Other crops include the coconut. It is not native to the Caribbean, and its plants might have drifted halfway across the world, probably from Melanasia, and rooted in the Caribbean. One coconut is reputed, gram for gram, to have the same amount of protein as a quarter pound of beef. Other crops that were already local when the slaves were brought included the cassava, or tapioca, and the corn or maize.
The corn mentioned in the Bible was probably barley. The first nations in the Caribbean: the Ciboney, Arawaks and Caribs used corn along with peppers, tomatoes – initially thought to be poisonous by the conquistadores – fish, shellfish and meat, obtaining from these reasonably balanced nutrition.
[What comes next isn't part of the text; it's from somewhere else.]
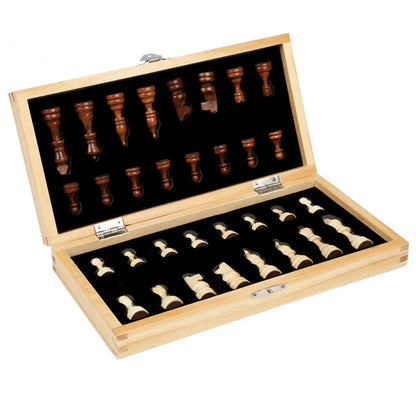 Magnetic Wooden Folding Chess Set Felted Game Board 24Cm*24Cm Interior Storage Adult Kids Gift Family Game Chess Board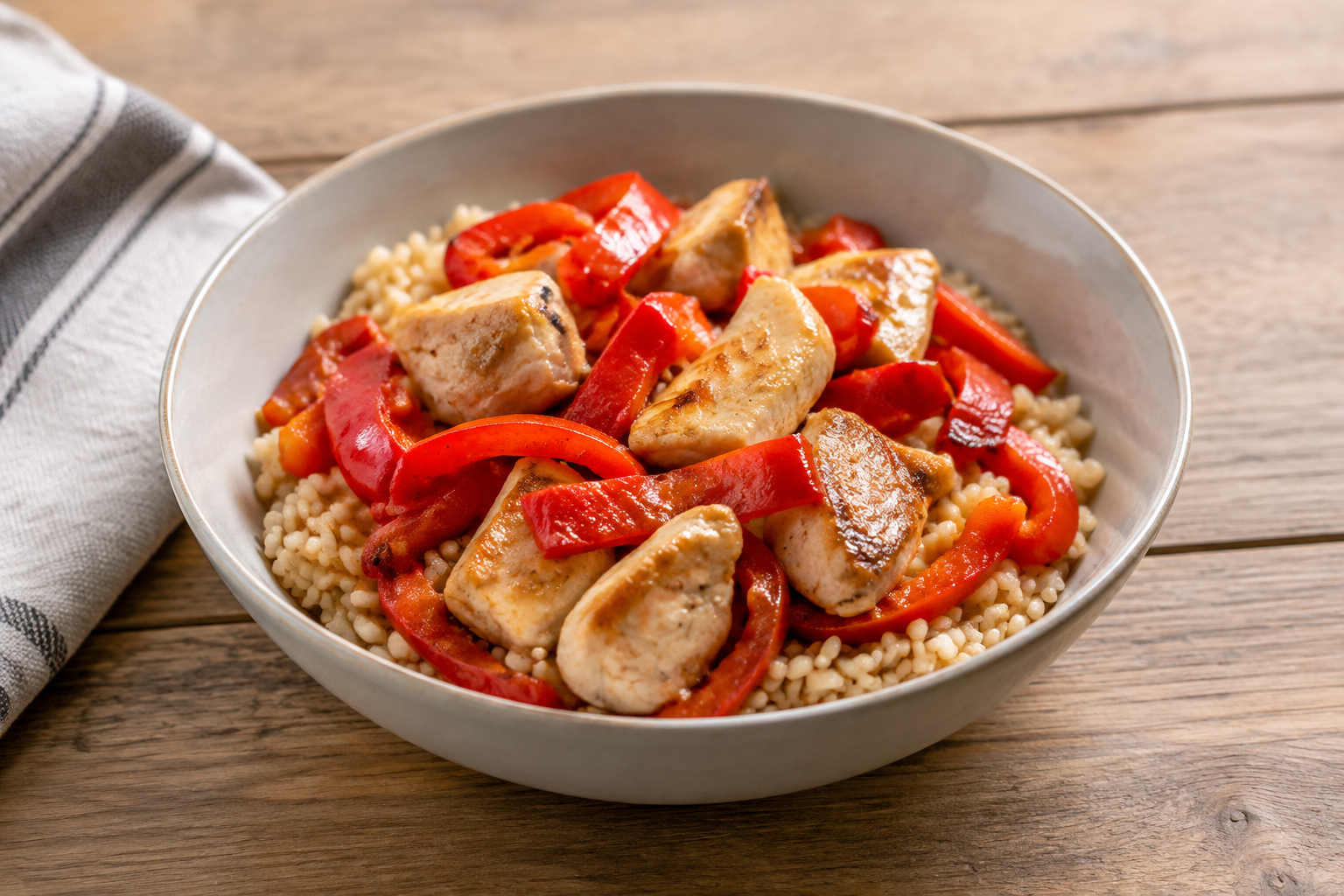 Bowl morno com peito de frango e pimentão vermelho · arroz integral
Columbus and others on first seeing the Amerindians described them as people wholesome to behold, fair of limb and fleet of foot. They obviously were not fleet enough. In less than a century they were reduced to museum piece numbers through diseases, starvation and genocide.
Among the mercantilists later providing Bills of Lading credit between importers and exporters of codfish for rum and rum for codfish, were merchant bankers like the Bank of Nova Scotia. Located in Canada’s Atlantic provinces, it also set up shop in Jamaica several decades before it did in Toronto. Other institutions, but pre-Emancipation, for example, today’s Barclays, earned their first capital either shipping slaves or like Lloyds of London, insuring them.
In conclusion, as a people, we take our past for granted, and others thereby take us for fools. Celebrating Emancipation with our families, members of our clubs and places of worship, will give our children a sense of how far we’ve come, and at what cost. They will more than likely become the kind of adults we want of them. It works. Ask the children of BADC members.
Celebrating this year’s August 1 Simcoe Day holiday, take a special moment to remember Emancipation. What it has meant, not only in our staple foods, but also in our culture – culture like carnival; carnivals like Caribana which we in Toronto must now liberate from the descendants of those whose ancestors benefitted for centuries from our ancestors’ oppression.
What are you doing to emancipate Caribana?
Farrell is a retired educator and a former board member and chair of the Caribbean Cultural Committee, the owners of Caribana.